During Earth Week at Goddard, Oct. 11-14, 2022, five members of the Goddard community gave virtual presentations. On October 11th, GESTAR II member Akiko Elders (618/MSU) presented on the use of Earth observing systems, remote sensing, and machine learning models to address and combat food insecurity due to crop conditions, particularly in Burkina Faso, located in West Africa. She provided the following summary:
"Earth observing systems provide a unique opportunity to monitor and evaluate crop conditions globally. This is particularly important for evaluating regions with food insecurity. This project used Sentinel-2 and Machine Learning to estimate crop type and yield in Burkina Faso with greater than 80% accuracy in rainy season crop type and rice yield estimates. A unique aspect of this work is the use of Machine Learning models to make uncalibrated, interannual predictions of dry season crop type, which is critical for evaluating food availability in data scarce regions with limited agricultural data. The uncalibrated models estimated subsequent dry season crop type with as much as 60% accuracy, indicating some utility in uncalibrated estimates of crop type for years without training data. Ultimately, the ability to use affordable and timely remote sensing-based methods is essential for remote agricultural monitoring and evaluation and appropriate humanitarian interventions to combat food insecurity."
During your presentation, you mentioned working with Millennium Challenge Corporation. Would you expound on that?
"The work we are doing with MCC is part of an interagency agreement where NASA provides remote sensing and Machine Learning expertise. MCC is interested in how remote sensing can be used to assess their Agricultural Development Projects (ADP). This is a four institution collaboration working in partnership towards this goal."
Who are the end-users of your findings, and how would this be applied?
"Overall, the information from our work is to benefit MCC's mission. They invest in ADPs such as building irrigation infrastructure to help small holder farmers in developing nations transition from subsistence to small-scale commercial farming in efforts to combat food insecurity.

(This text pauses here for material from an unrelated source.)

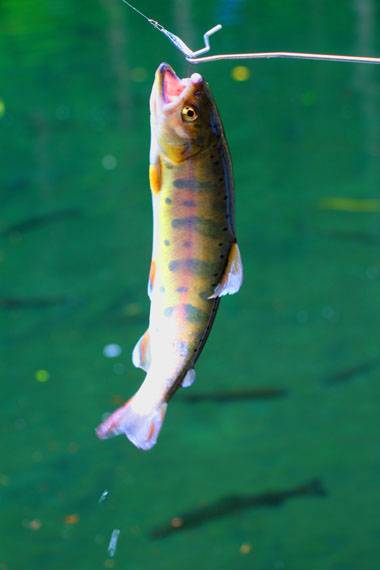 小菅トラウトガーデン 釣果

Traditionally, they evaluate their ADPs with field work, which is expensive and can be limited by social conflicts. They are looking to us to explore how they can accurately understand the growth of their projects in years when they cannot collect data. MCC has a number of ADPs across Africa, so our work with them will continue as they expand to new perimeters. We will leverage what we have learned in Burkina Faso and follow the development of a new perimeter, in West Africa, over time."
In August 2022, Dr. Elders published an article on the work in Burkina Faso: Elders, A., Carroll, M.L., Neigh, C.S.R., D'Agostino, A.L., Ksoll, C., Wooten, M.R., Brown, M.E., 2022. Estimating crop type and yield of small holder fields in Burkina Faso using multi-day Sentinel-2. Remote Sensing Applications: Society and Environment 27, 100820. https://doi.org/10.1016/j.rsase.2022.100820.

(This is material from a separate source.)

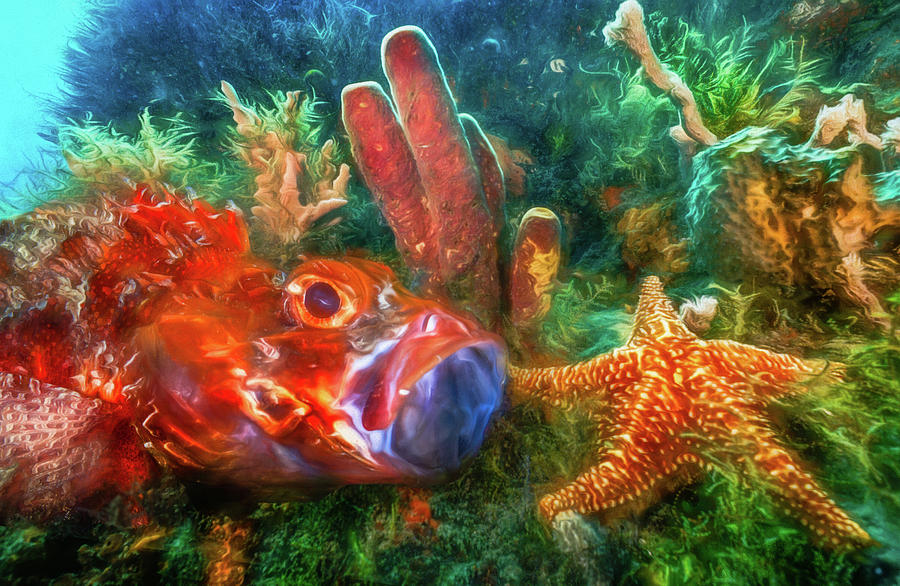 Under the Sea at the Reef Watercolor Painting Photograph by Debra and Dave Vanderlaan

Not only is Dr. Elders a postdoctoral assistant research scientist in Code 618, the Biospheric Sciences Lab, she also holds the same position in Code 615, the Cryospheric Sciences Lab at NASA Goddard. There, she currently "is working on a project that evaluates sea ice representation in NASA GISS ModelE. Climate models have a lot of variability in how they represent Arctic climate, such as fluxes between the ice and atmosphere. We are reviewing how the sea ice is represented and how that impacts the Arctic climate and ways to potentially improve the representation of the sea ice and climate."